» **Assignment**
Nothing but the records themselves, exactly as written, should appear in the reply; leave out the pictures.
(Records supplied Opens)
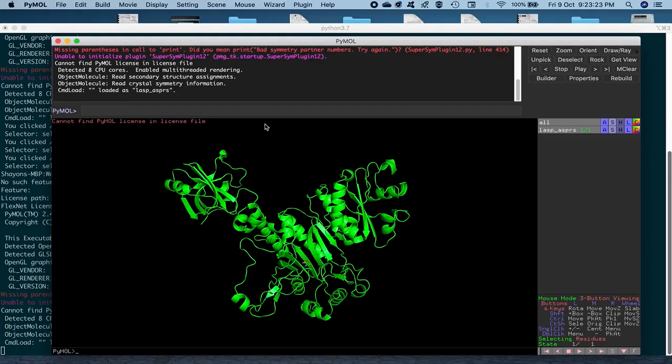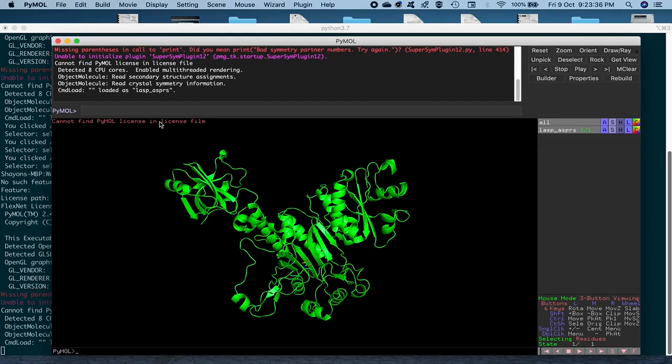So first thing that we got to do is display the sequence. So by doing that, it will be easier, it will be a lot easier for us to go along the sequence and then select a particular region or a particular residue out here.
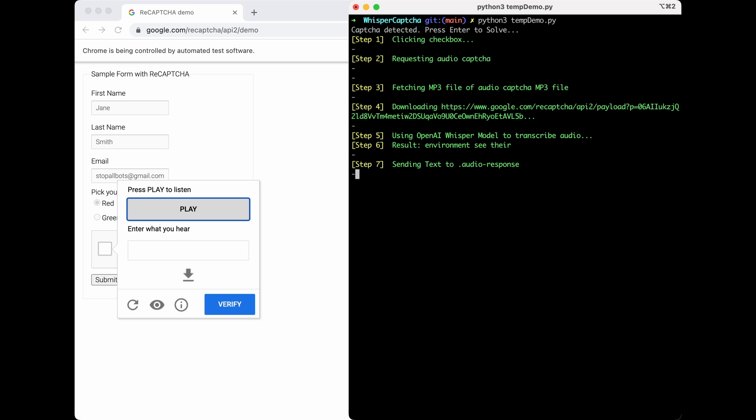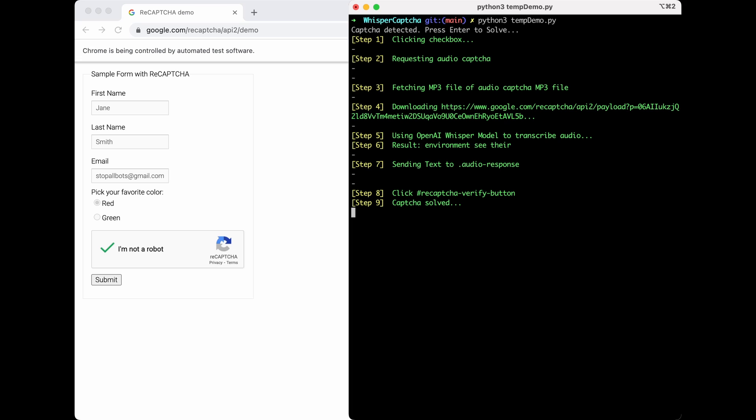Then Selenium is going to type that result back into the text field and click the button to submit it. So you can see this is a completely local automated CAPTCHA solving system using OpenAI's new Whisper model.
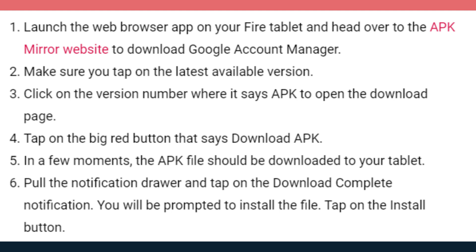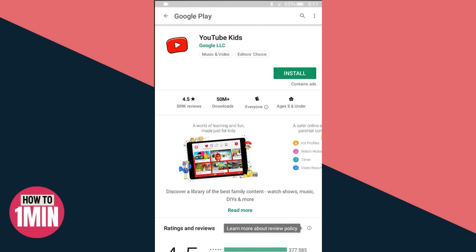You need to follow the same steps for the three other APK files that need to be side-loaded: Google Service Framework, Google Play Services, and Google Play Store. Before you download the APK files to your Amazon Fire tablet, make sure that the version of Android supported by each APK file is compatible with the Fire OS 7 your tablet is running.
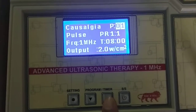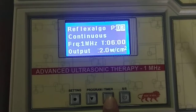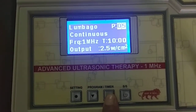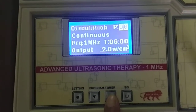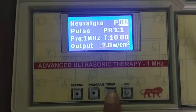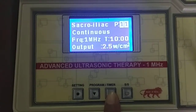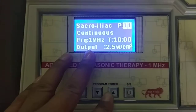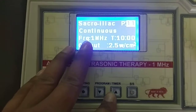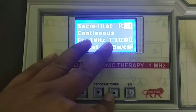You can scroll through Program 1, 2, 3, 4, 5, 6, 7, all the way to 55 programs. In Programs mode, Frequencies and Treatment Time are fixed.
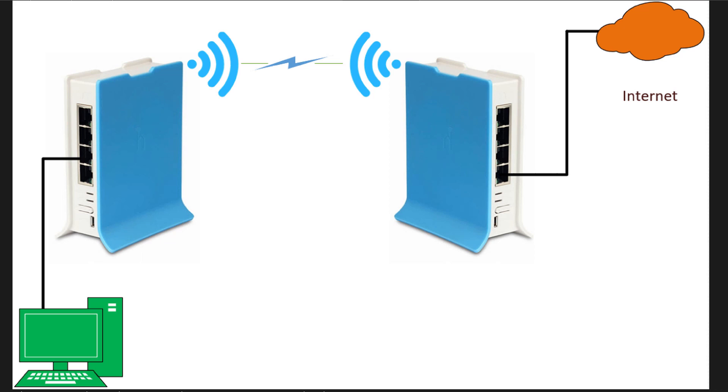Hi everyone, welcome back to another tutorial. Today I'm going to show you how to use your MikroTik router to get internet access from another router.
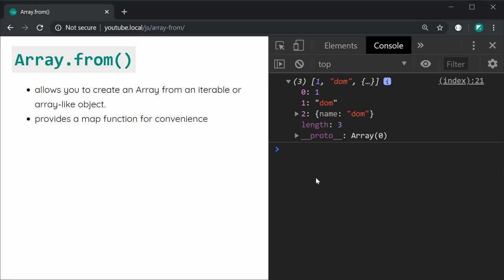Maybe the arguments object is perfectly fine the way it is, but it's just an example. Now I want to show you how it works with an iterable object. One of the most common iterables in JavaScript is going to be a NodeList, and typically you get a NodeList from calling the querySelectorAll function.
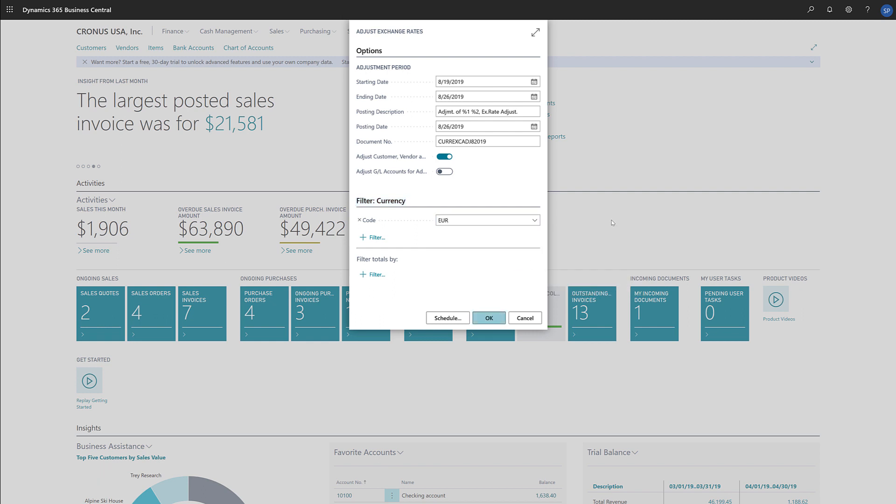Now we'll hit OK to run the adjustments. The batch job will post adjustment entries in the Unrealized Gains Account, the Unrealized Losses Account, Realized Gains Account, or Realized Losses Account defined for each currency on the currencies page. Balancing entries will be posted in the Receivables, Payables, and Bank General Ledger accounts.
(Records supplied Closes)
» **Solution to this exercise**
So first thing that we got to do is display the sequence. So by doing that, it will be easier, it will be a lot easier for us to go along the sequence and then select a particular region or a particular residue out here.
Then Selenium is going to type that result back into the text field and click the button to submit it. So you can see this is a completely local automated CAPTCHA solving system using OpenAI's new Whisper model.
You need to follow the same steps for the three other APK files that need to be side-loaded: Google Service Framework, Google Play Services, and Google Play Store. Before you download the APK files to your Amazon Fire tablet, make sure that the version of Android supported by each APK file is compatible with the Fire OS 7 your tablet is running.
You can scroll through Program 1, 2, 3, 4, 5, 6, 7, all the way to 55 programs. In Programs mode, Frequencies and Treatment Time are fixed.
Hi everyone, welcome back to another tutorial. Today I'm going to show you how to use your MikroTik router to get internet access from another router.
Maybe the arguments object is perfectly fine the way it is, but it's just an example. Now I want to show you how it works with an iterable object. One of the most common iterables in JavaScript is going to be a NodeList, and typically you get a NodeList from calling the querySelectorAll function.
Now we'll hit OK to run the adjustments. The batch job will post adjustment entries in the Unrealized Gains Account, the Unrealized Losses Account, Realized Gains Account, or Realized Losses Account defined for each currency on the currencies page. Balancing entries will be posted in the Receivables, Payables, and Bank General Ledger accounts.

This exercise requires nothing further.